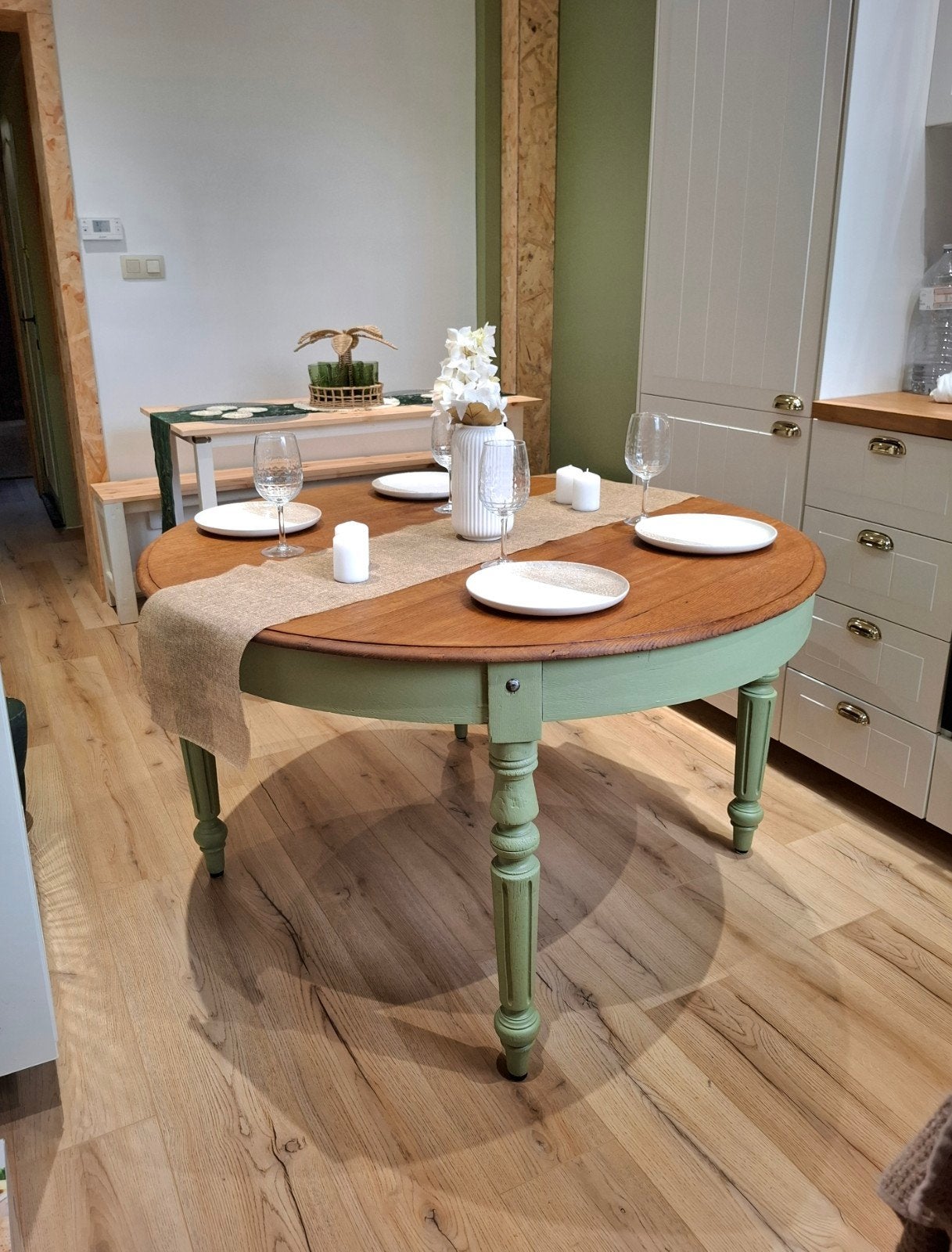 Antieke ronde tafel (uitneembaar) massief eikenhout +100 jaa, Ophalen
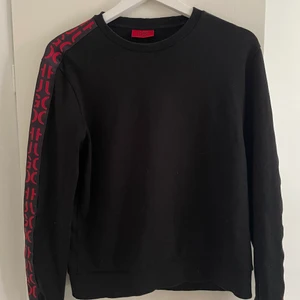 Hugo boss - Fin Hugo boss tröja, inte mycket använd och i mycket bra skick. Storlek S (Herr)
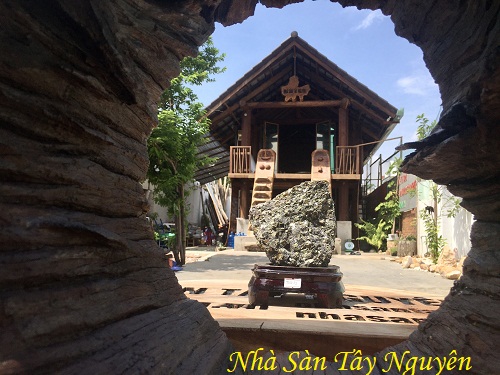 Golden Pillar Potting Feng Shui - Western Stilt House
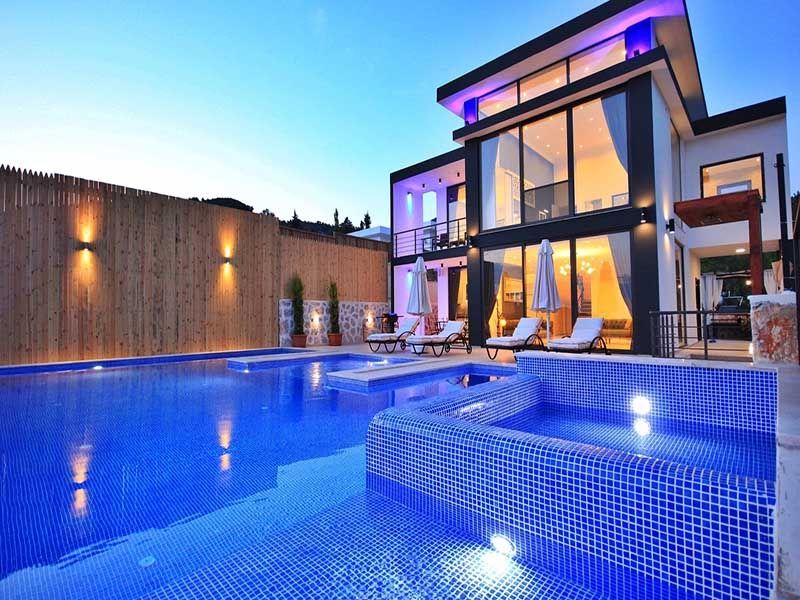 Villa Cliff
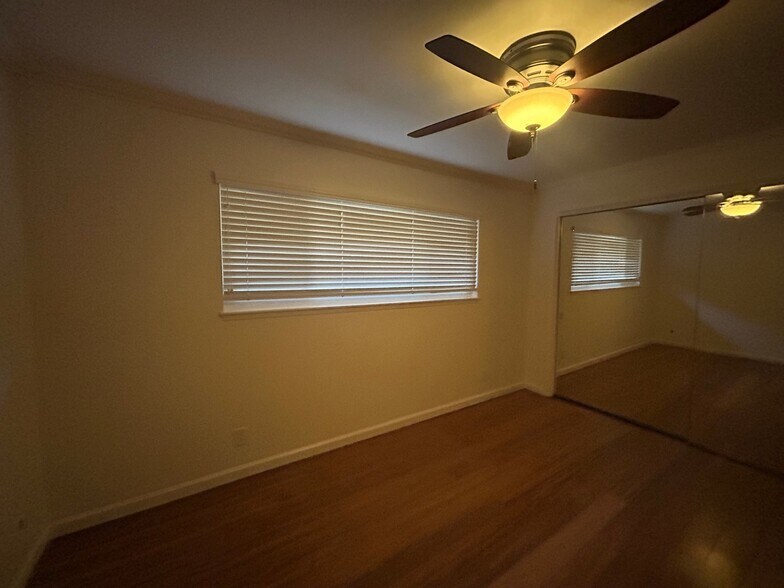 Building Photo - 1916 Felice Dr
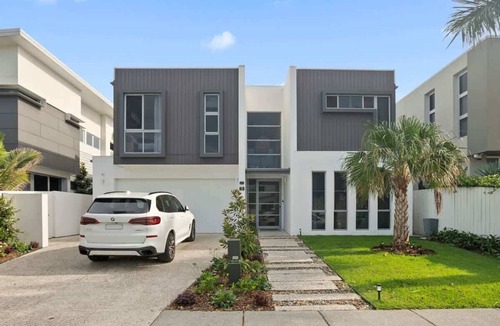 Kingscliff House | Frangipani Beach House — Pool, Heated Spa & Family Luxury | Walk to Salt Village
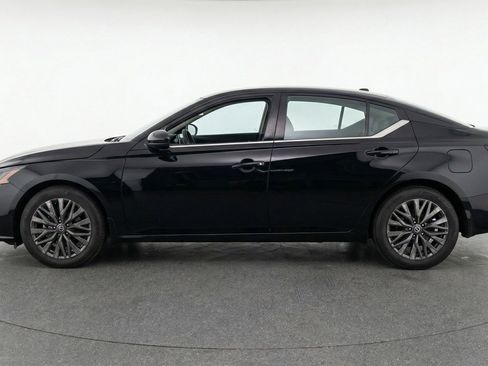 Used 2025 Nissan Altima 2.5 SV image 5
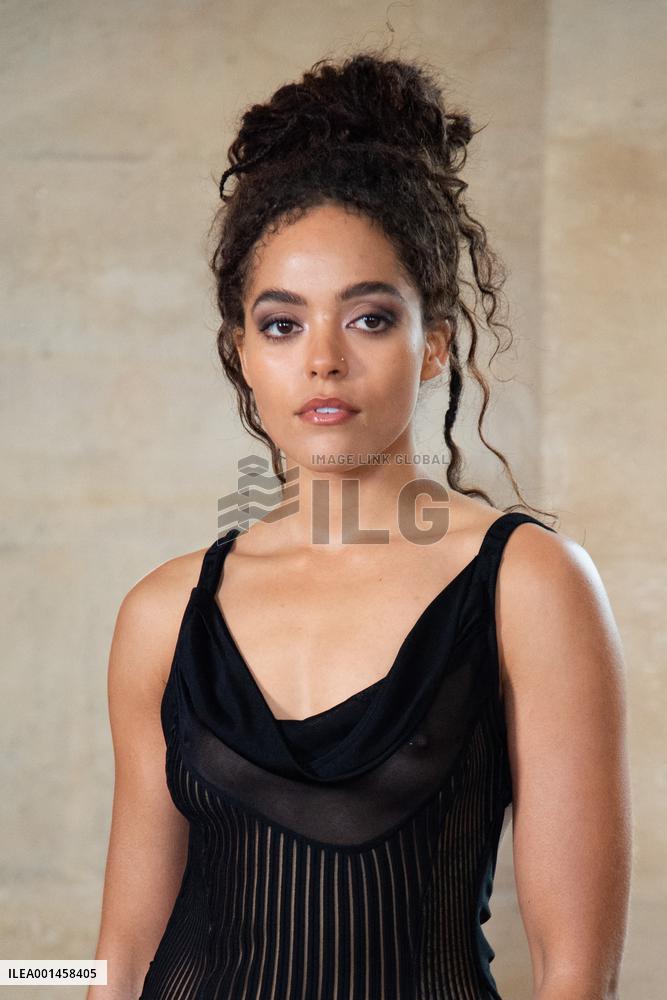 PFW Givenchy Photocall
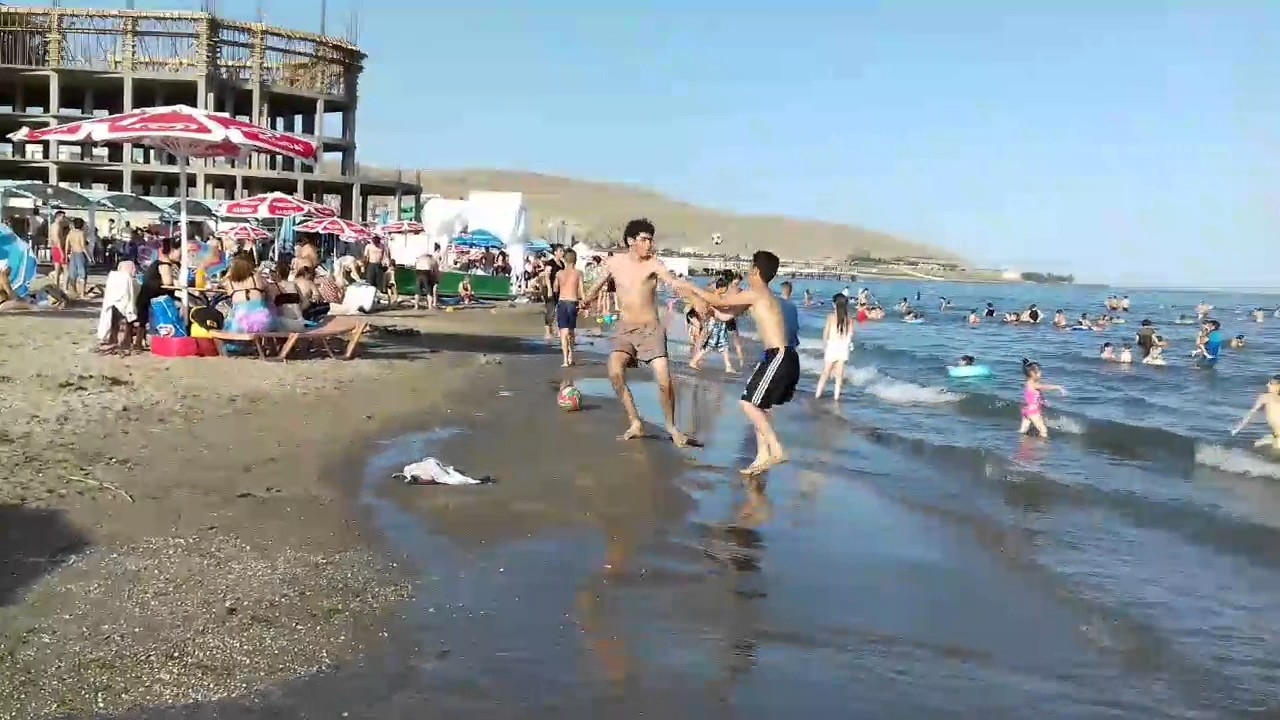 На бакинском пляже у отдыхающего отобрали 2 тысячи евро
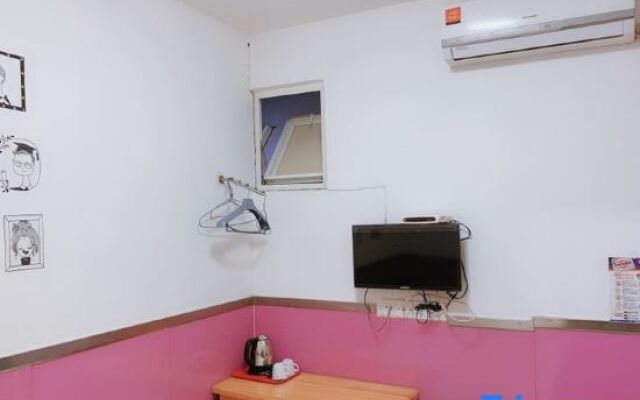 Xingshu 99 Chain Hotel (Shanghai Kongjiang Road Shop)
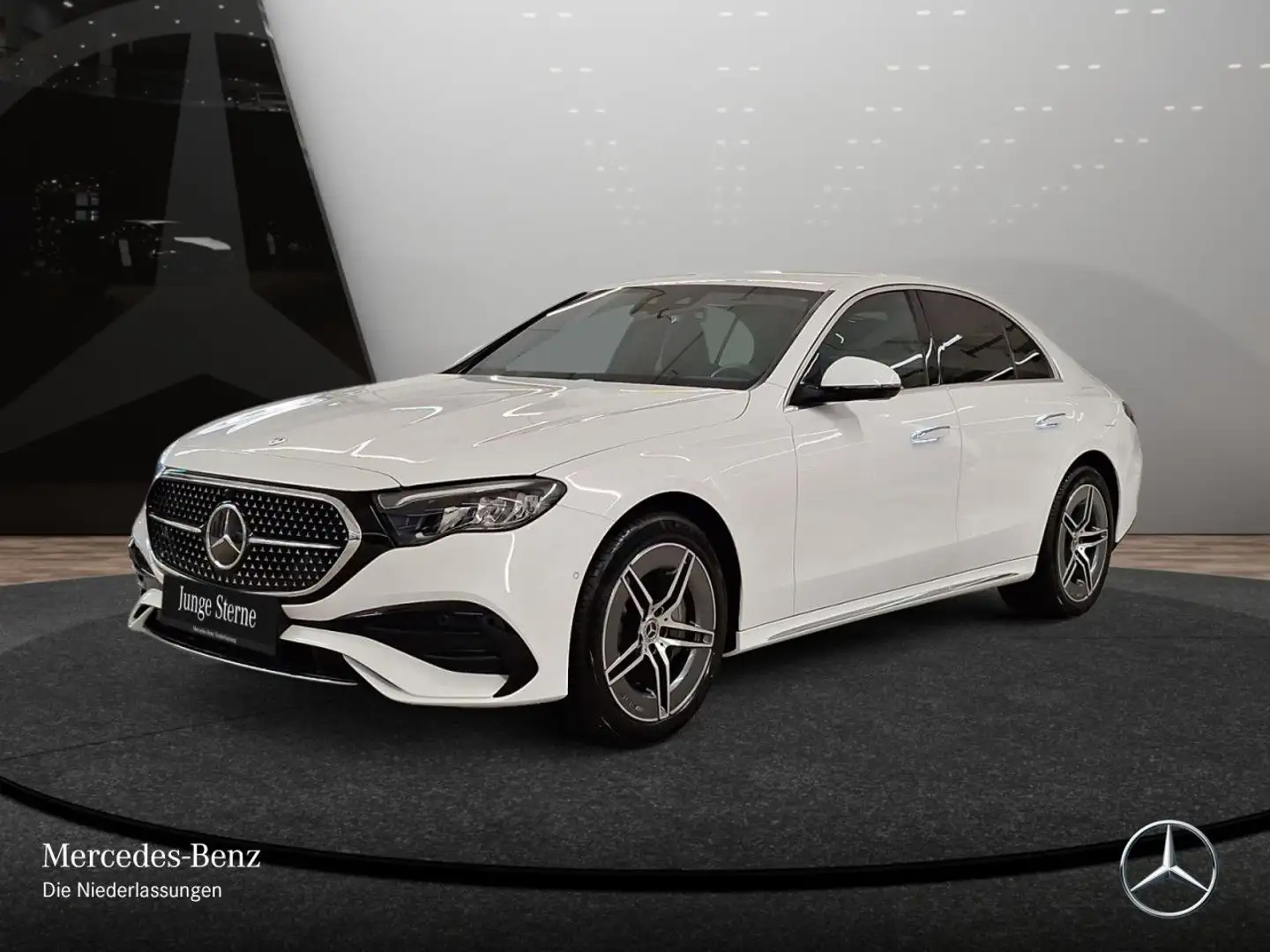 Mercedes-Benz E 300 de 4M AMG Fahrass Distr+ HUD LED Kamera PTS Bianco - 2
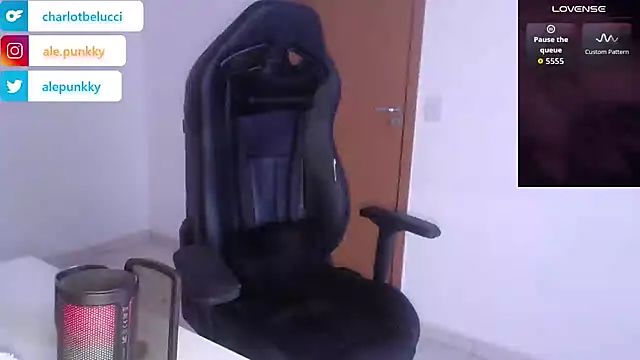 Snapshot of charlotbelucci_ chatting on October 5, 9:47 am charlotbelucci online show from October 5, 9:47 am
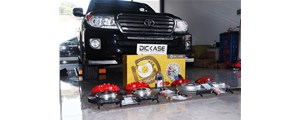 2015款豐田蘭德酷路澤，剎車升級(jí)前六后四套裝安裝過程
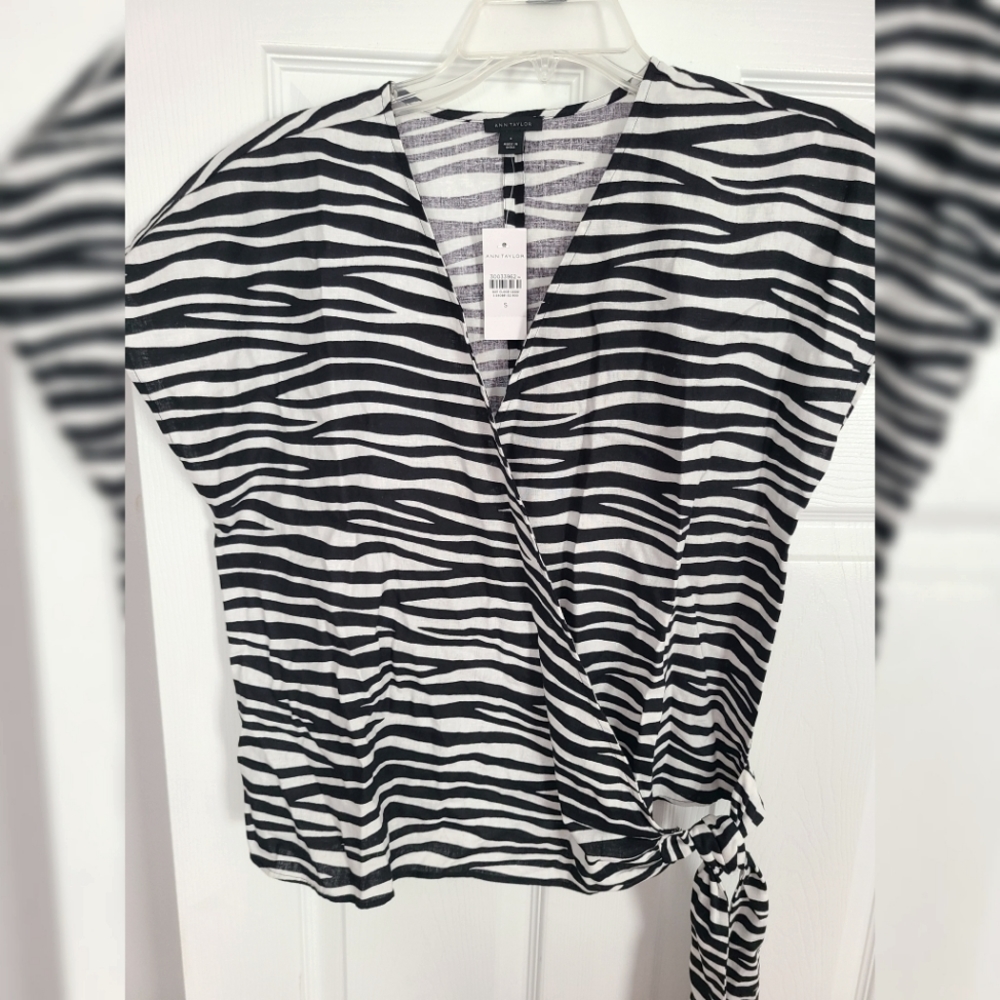 Ann Taylor wrap top, black and white, Size S, seems more like an M.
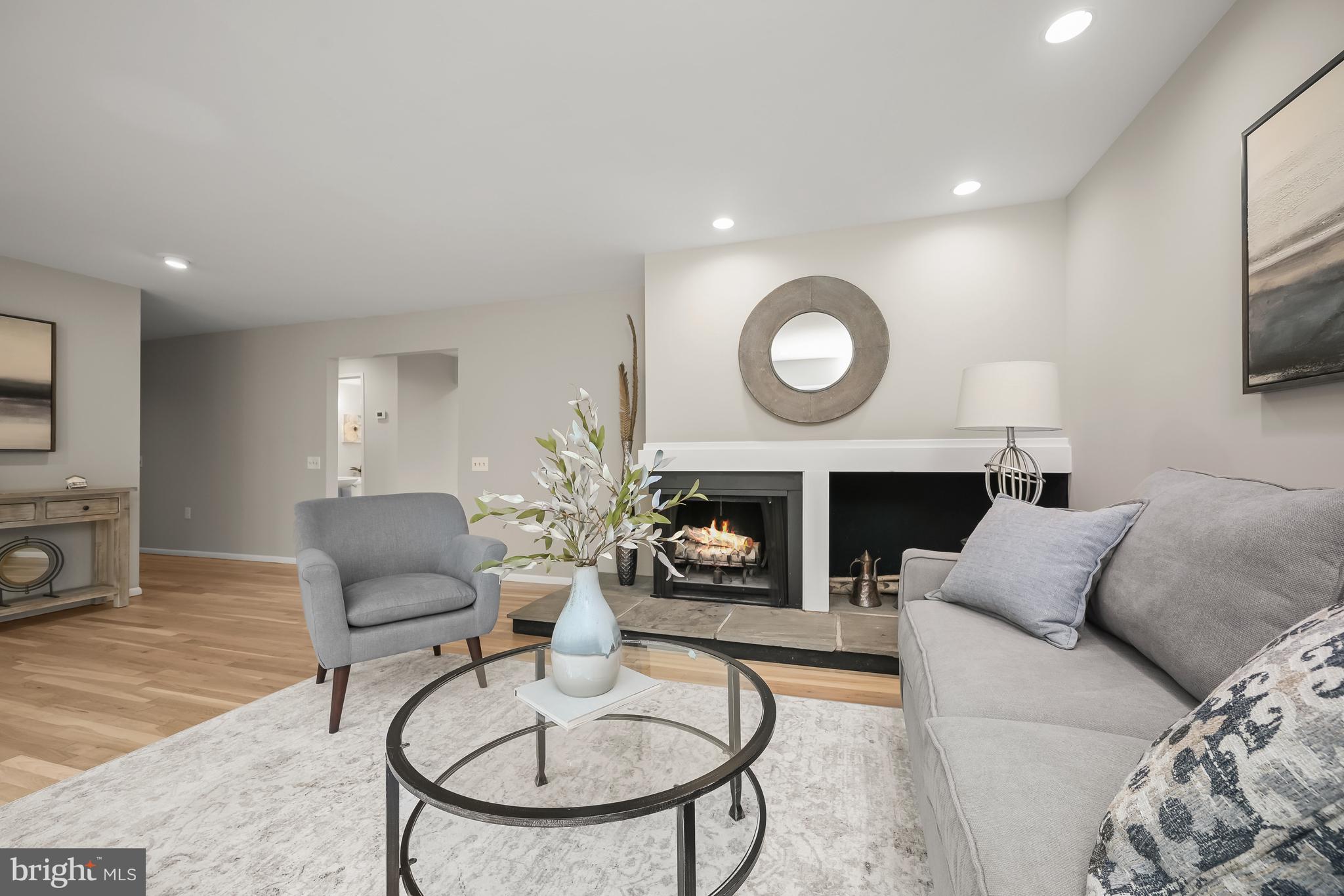 RED COAT WOODS - Residential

__Task brief__
Using the material above, retype each entry exactly and omit the pictures.

__Answer to this problem__
 Antieke ronde tafel (uitneembaar) massief eikenhout +100 jaa, Ophalen
 Hugo boss - Fin Hugo boss tröja, inte mycket använd och i mycket bra skick. Storlek S (Herr)
 Golden Pillar Potting Feng Shui - Western Stilt House
 Villa Cliff
 Building Photo - 1916 Felice Dr
 Kingscliff House | Frangipani Beach House — Pool, Heated Spa & Family Luxury | Walk to Salt Village
 Used 2025 Nissan Altima 2.5 SV image 5
 PFW Givenchy Photocall
 На бакинском пляже у отдыхающего отобрали 2 тысячи евро
 Xingshu 99 Chain Hotel (Shanghai Kongjiang Road Shop)
 Mercedes-Benz E 300 de 4M AMG Fahrass Distr+ HUD LED Kamera PTS Bianco - 2
 Snapshot of charlotbelucci_ chatting on October 5, 9:47 am charlotbelucci online show from October 5, 9:47 am
 2015款豐田蘭德酷路澤，剎車升級(jí)前六后四套裝安裝過程
 Ann Taylor wrap top, black and white, Size S, seems more like an M.
 RED COAT WOODS - Residential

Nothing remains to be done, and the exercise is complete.